**Exercise data**.
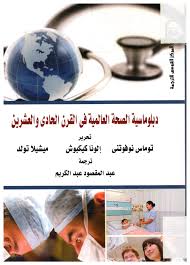 دبلوماسية الصحة العالمية في القرن الحادى والعشرين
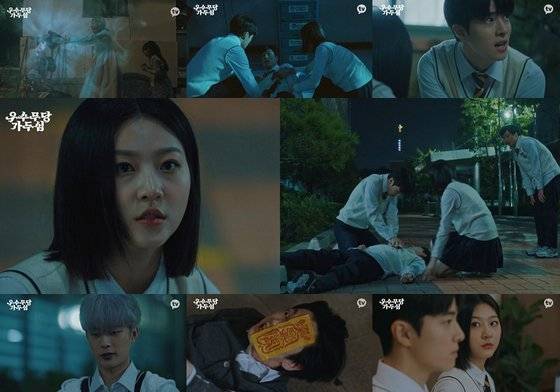 '우수무당 가두심'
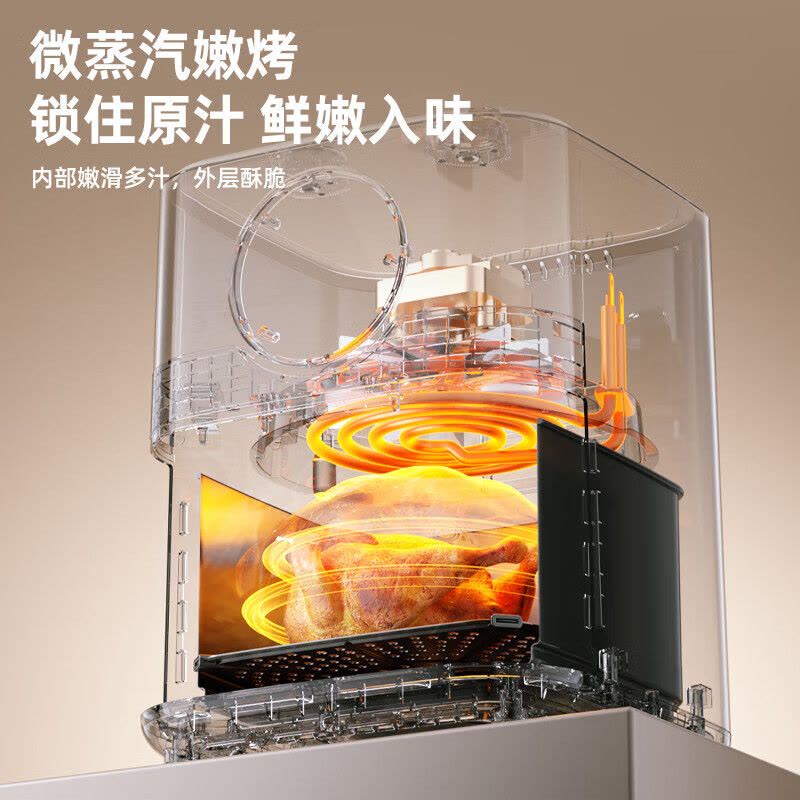 龙的(Longde)LD-KL5009空气炸锅多功能电炸锅5升实用大容量可视炸著条机图片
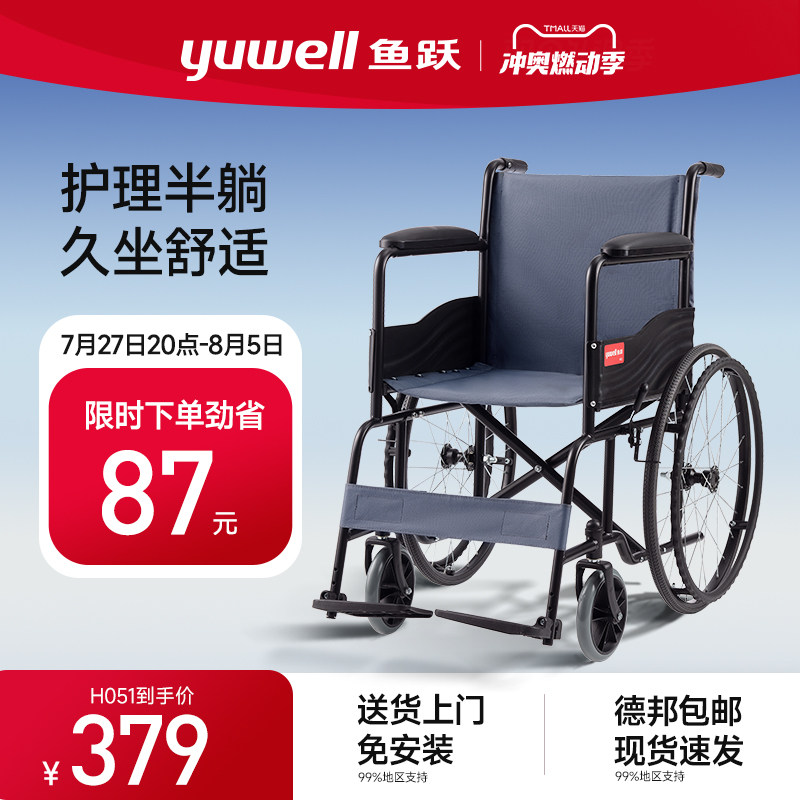 鱼跃轮椅车折叠轻便老人专用多功能轻型瘫痪坐便代步手动推车h051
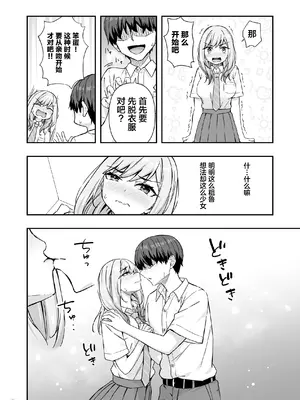[Maritozzo (cccpo, ダイナマイトmoca)] 不良ギャルでエロ妄想してたら本人にバレた件 (オリジナル)_0009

**Required work**. Please repeat every line from the listing above exactly as it appears. Drop the pictures.

**Final answer**.
 دبلوماسية الصحة العالمية في القرن الحادى والعشرين
 '우수무당 가두심'
 龙的(Longde)LD-KL5009空气炸锅多功能电炸锅5升实用大容量可视炸著条机图片
 鱼跃轮椅车折叠轻便老人专用多功能轻型瘫痪坐便代步手动推车h051
[Maritozzo (cccpo, ダイナマイトmoca)] 不良ギャルでエロ妄想してたら本人にバレた件 (オリジナル)_0009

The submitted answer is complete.